# Tank Setup Is Final



## Phantom_Cichlid (Jul 3, 2006)

Here it is.

4 Kribs
1 or 2 CAE
4 Caves
1 Piece of driftwood
Pure black stones

Also any suggestions would be of much help.


----------



## Damon (Jan 18, 2005)

Tank size?


----------



## Phantom_Cichlid (Jul 3, 2006)

Its a 20 gallon


----------



## Damon (Jan 18, 2005)

Sorry to be a PITA but is it a standard 20 gallon, 20 long, or 20 high?


----------



## Jojo (Apr 11, 2006)

Don't CAE get to big for a 20g? or is that SAE?


----------



## Phantom_Cichlid (Jul 3, 2006)

I have no clue what a PITA is, the tank is a 20 gallon ling i believe its the one from wally world


----------



## bosh (Aug 25, 2006)

I think its actually P.E.T.A.
"people for the ethical treatment of animals"
but that makes no sence so im an idiot


----------



## Phantom_Cichlid (Jul 3, 2006)

IDK either but what ever it is it sure does have alot of words in it. This stinks i was only going to have to buy 2 Kribs not i gots to buy 3


----------



## Guest (Aug 28, 2006)

PITA is "pain in the ..." You get the picture...hopefully.

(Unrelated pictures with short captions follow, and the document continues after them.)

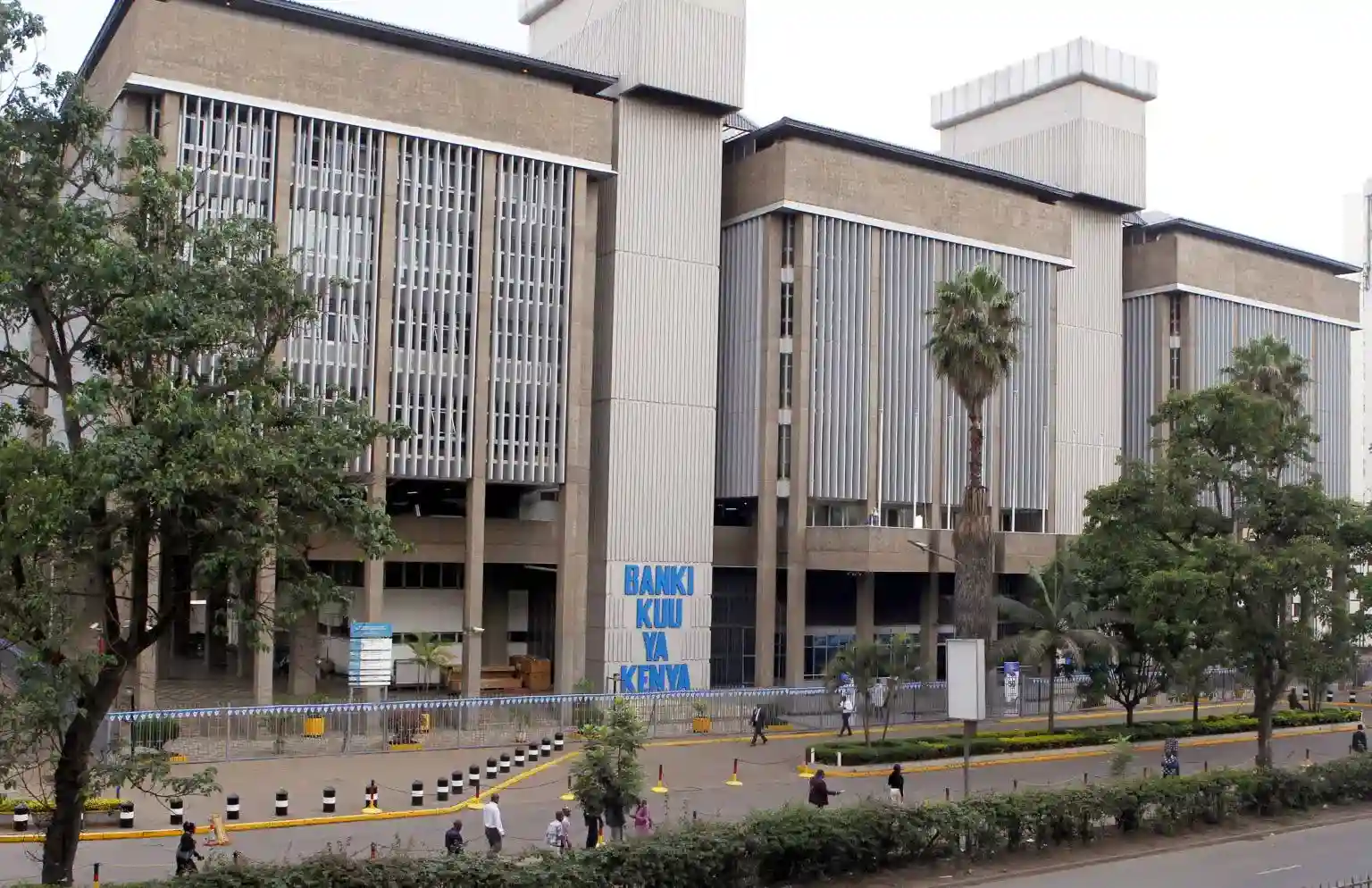 CBK to roll out retail bond platform by June 2026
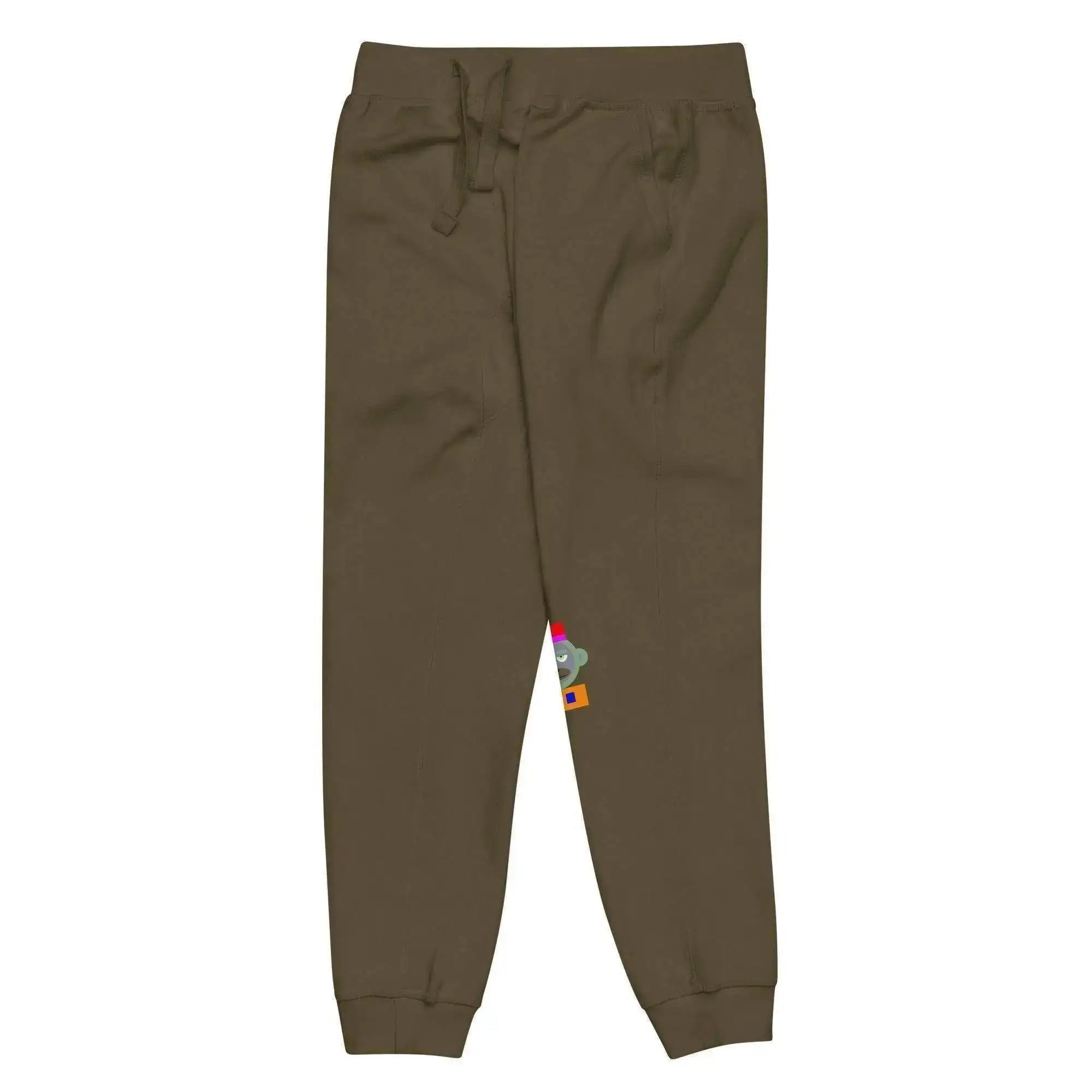 OnChain Monkey 1 Sweatpants - InvestmenTees
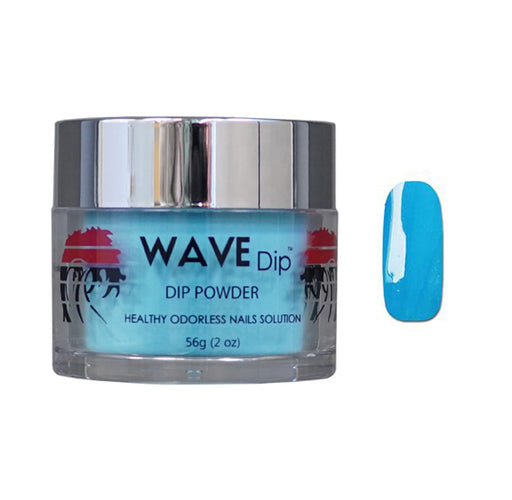 Wave Gel Dipping Powder, Ombre Collection, 041, 2oz OK1216
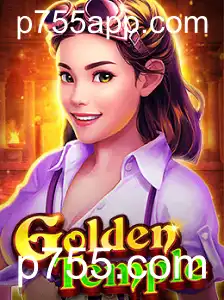 Descubra o Mundo de GoldenTemple: Um Jogo Inovador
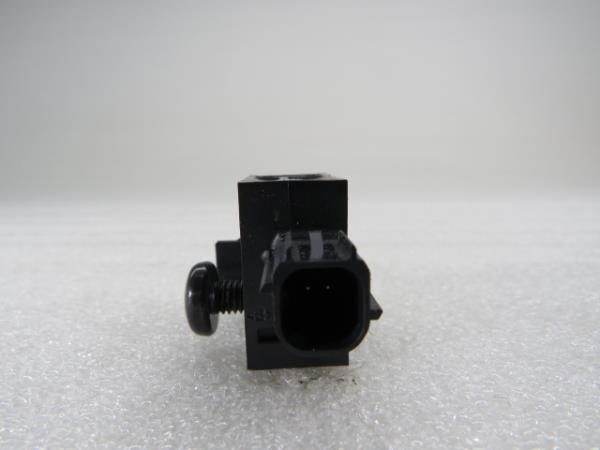 Airbag Impact sensor OPEL Astra J Imagem-1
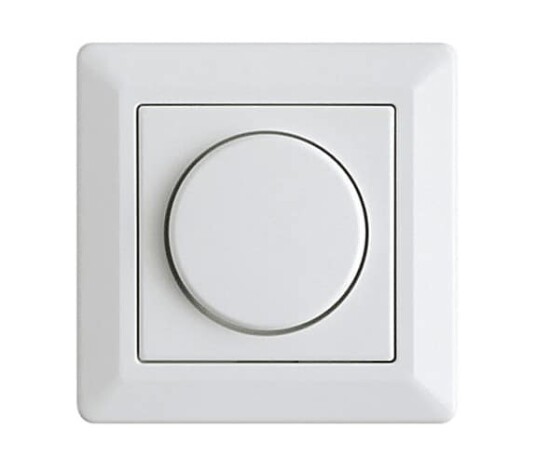 Tronic Dimmer 20-420W Dimmer for elektroniske transformatorer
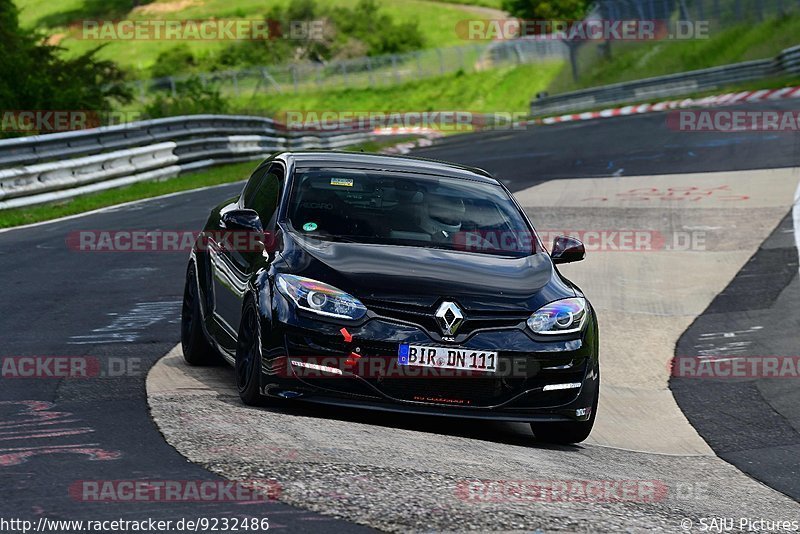 Bild #9232486 - Touristenfahrten Nürburgring Nordschleife (21.06.2020)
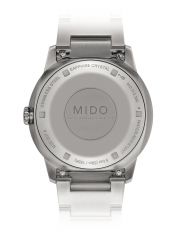 שעון MIDO סדרה COMMANDER דגם M0212071110600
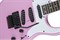 JACKSON SL4X - BUBBLEGUM PINK Электрогитара, цветрозовый. - фото 166001
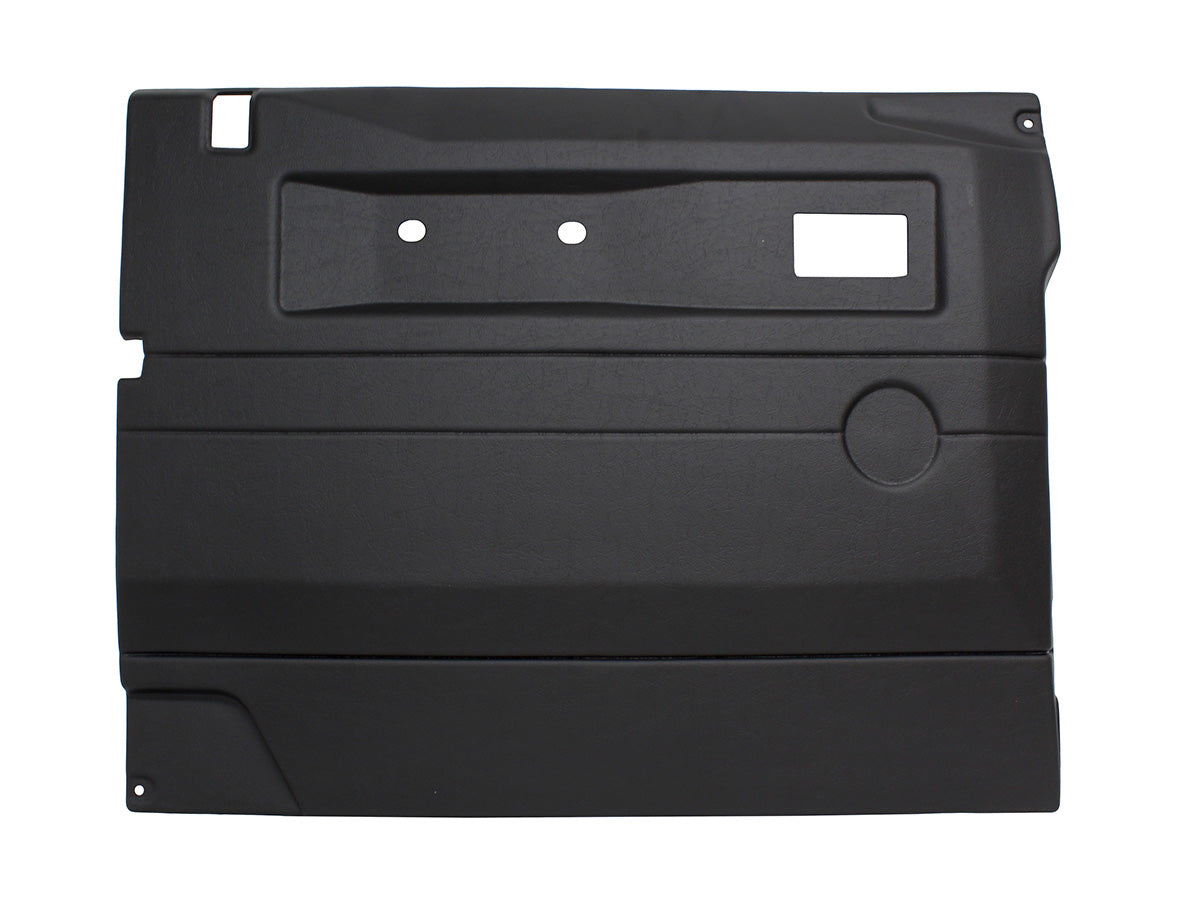 DA2445 PLAS DOOR CASING KIT FRONT ELE WIND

> This stinks i was only going to have to buy 2 Kribs not i gots to buy 3


Why is that?

I do believe CAEs get too large for a 20g. They get around 8 inches and get more carnivorous and aggressive as they get older. The Kribs could probably handle them, but they would most likely eat fry if you plan on breeding. And they will outgrow a 20g, so they are out.

If you want something for algae, go with otos....but make sure you have visible algae before you get them.


----------



## Phantom_Cichlid (Jul 3, 2006)

im not sure i think it is a standard to correct myself from a previuos post, i have to get 3 cause my female was killed by my male


----------